» **Exercise directions**: Take the line with "The AI Paradox: Navigating" as the first and the last line of the data as the end. Write out both and every line between exactly, except pictures.

Excerpts from a dataset
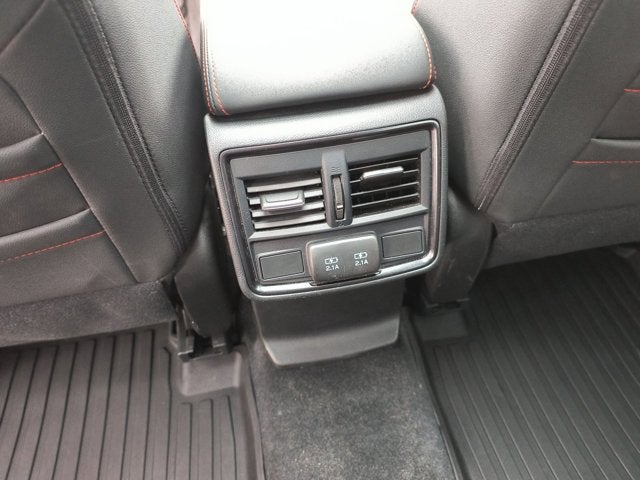 2022 Subaru Forester Sport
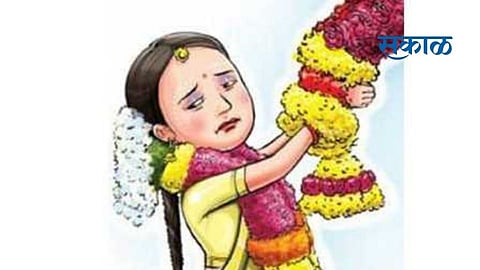 Child marriage stopped by child protection cell in Yavatmal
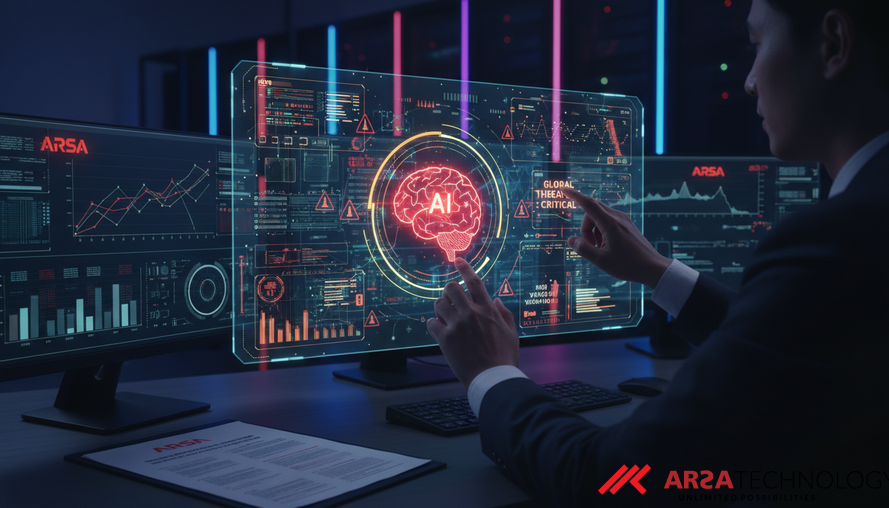 The AI Paradox: Navigating the Surge in Supercharged Cyber Scams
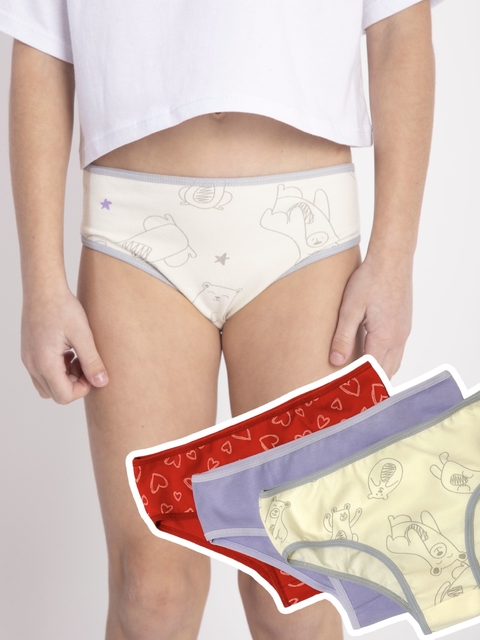 Compra online productos en Lupita Underwear
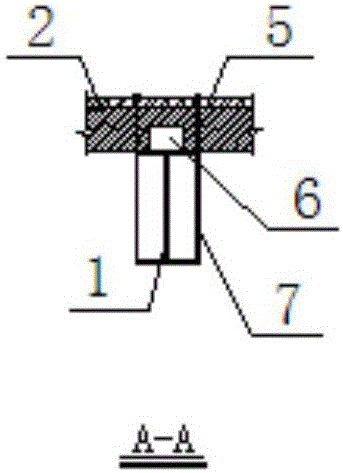 Concrete Slab Concrete Floor Concrete Concrete Concrete Concrete Concrete Construction Method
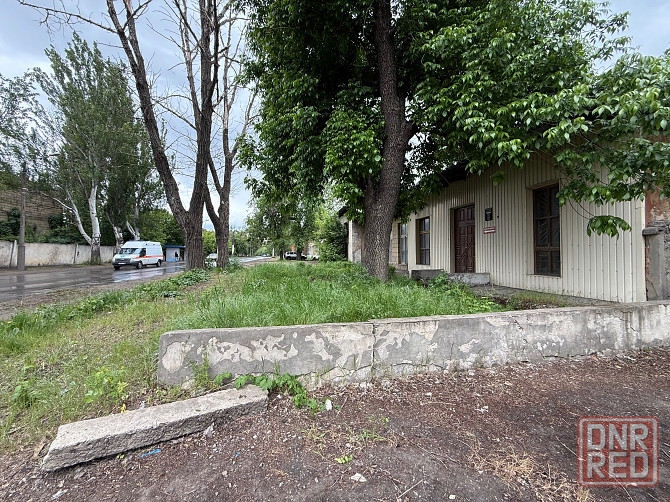 Сдам под склад/производство 450 кв.м в р-не завода химреактивов Донецк - изображение 1
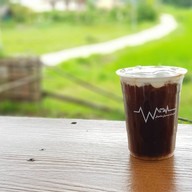 เมนูของร้าน Dapbliw espresso bar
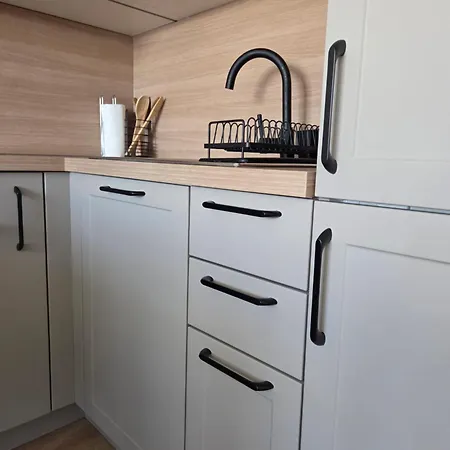 Apartament Nido Urban Zadar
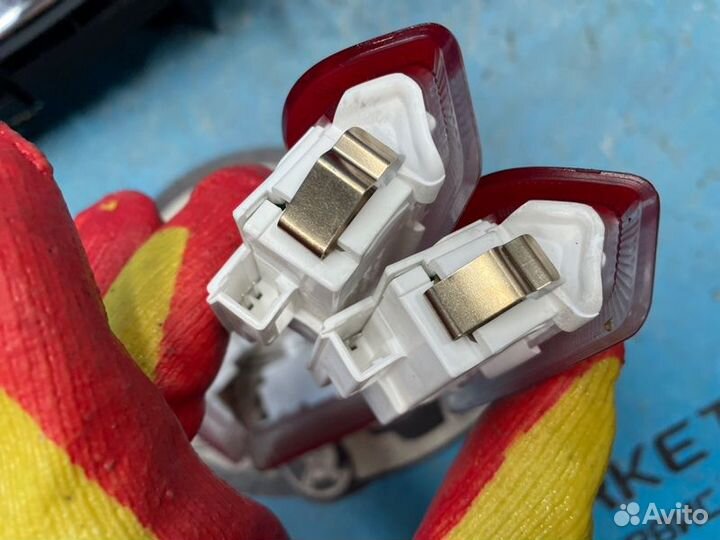 Подсветка двери Lexus Gs430 UZS190 3UZ-FE 2006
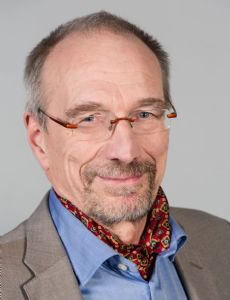 Nils Torvalds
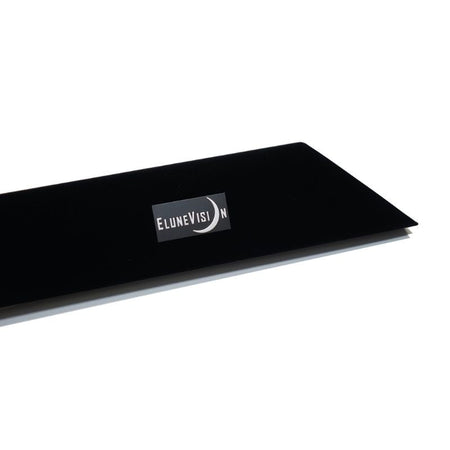 EluneVision Elara Fixed - Frame Projector Screen | 16:9 High Definition Format - QHD-EV-F-92-1.2 - Quality Home Distribution
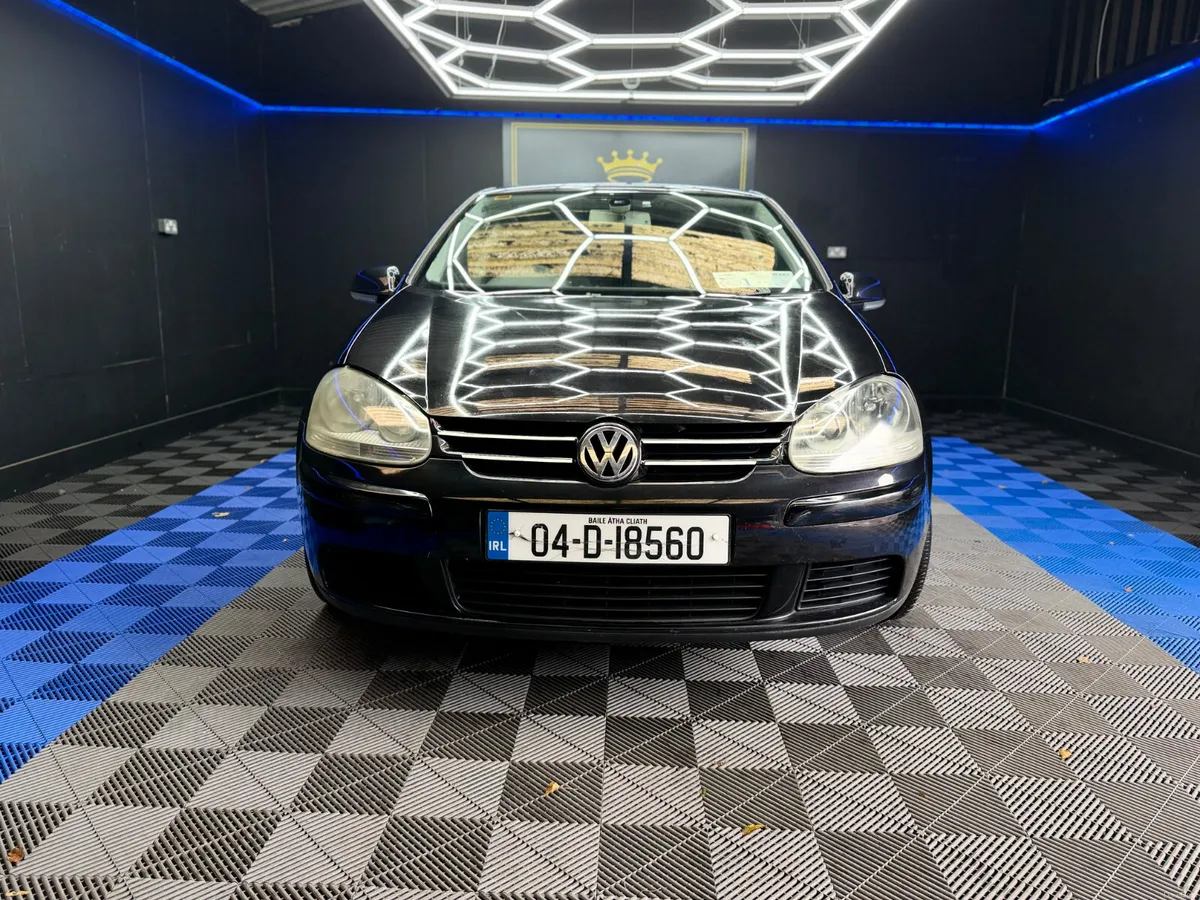Volkswagen Golf 1.4 petrol,Driving perfect - Image 3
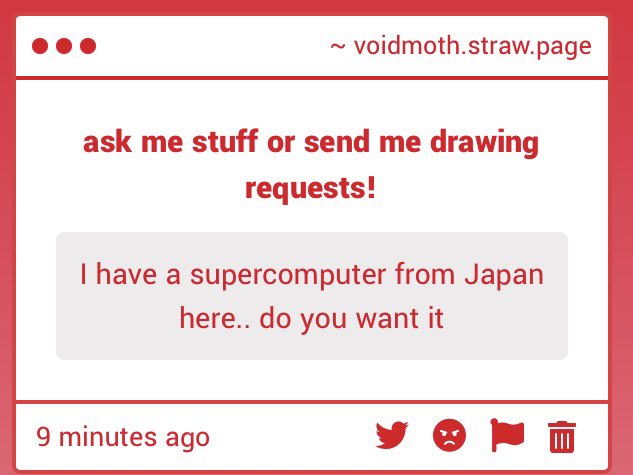 🪲 • ARCHIE tweet media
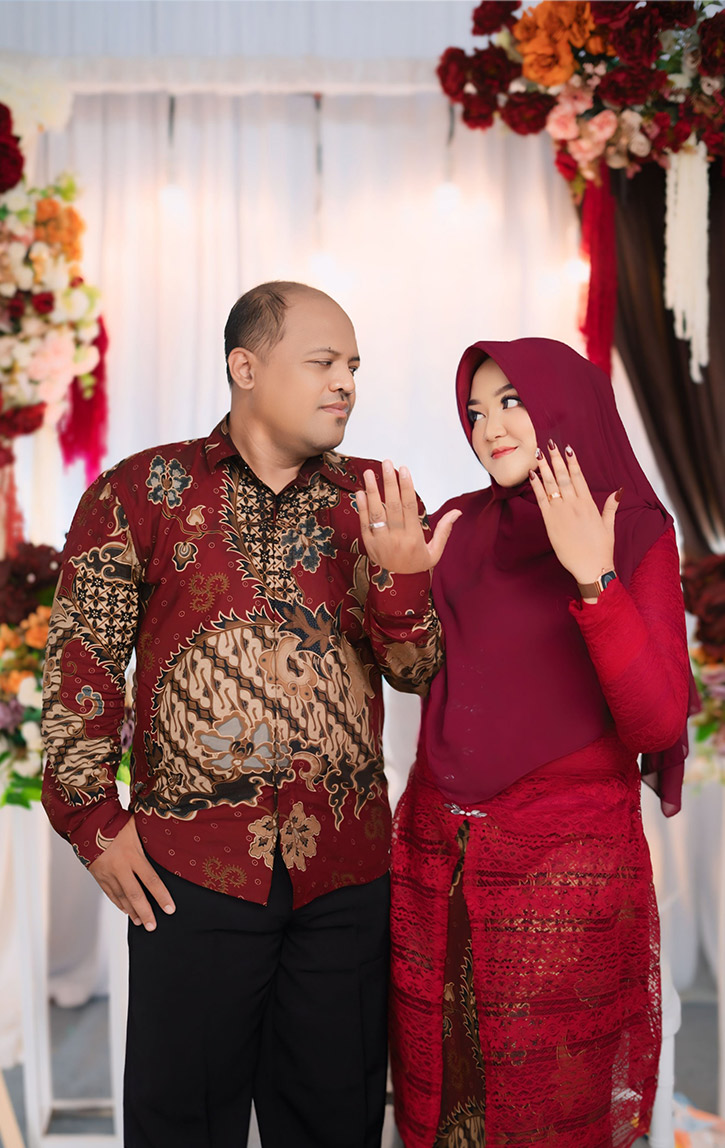 Yesti & agung 15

» **Answer to this task**:
 The AI Paradox: Navigating the Surge in Supercharged Cyber Scams
 Compra online productos en Lupita Underwear
 Concrete Slab Concrete Floor Concrete Concrete Concrete Concrete Concrete Construction Method
 Сдам под склад/производство 450 кв.м в р-не завода химреактивов Донецк - изображение 1
 เมนูของร้าน Dapbliw espresso bar
 Apartament Nido Urban Zadar
 Подсветка двери Lexus Gs430 UZS190 3UZ-FE 2006
 Nils Torvalds
 EluneVision Elara Fixed - Frame Projector Screen | 16:9 High Definition Format - QHD-EV-F-92-1.2 - Quality Home Distribution
Volkswagen Golf 1.4 petrol,Driving perfect - Image 3
 🪲 • ARCHIE tweet media
 Yesti & agung 15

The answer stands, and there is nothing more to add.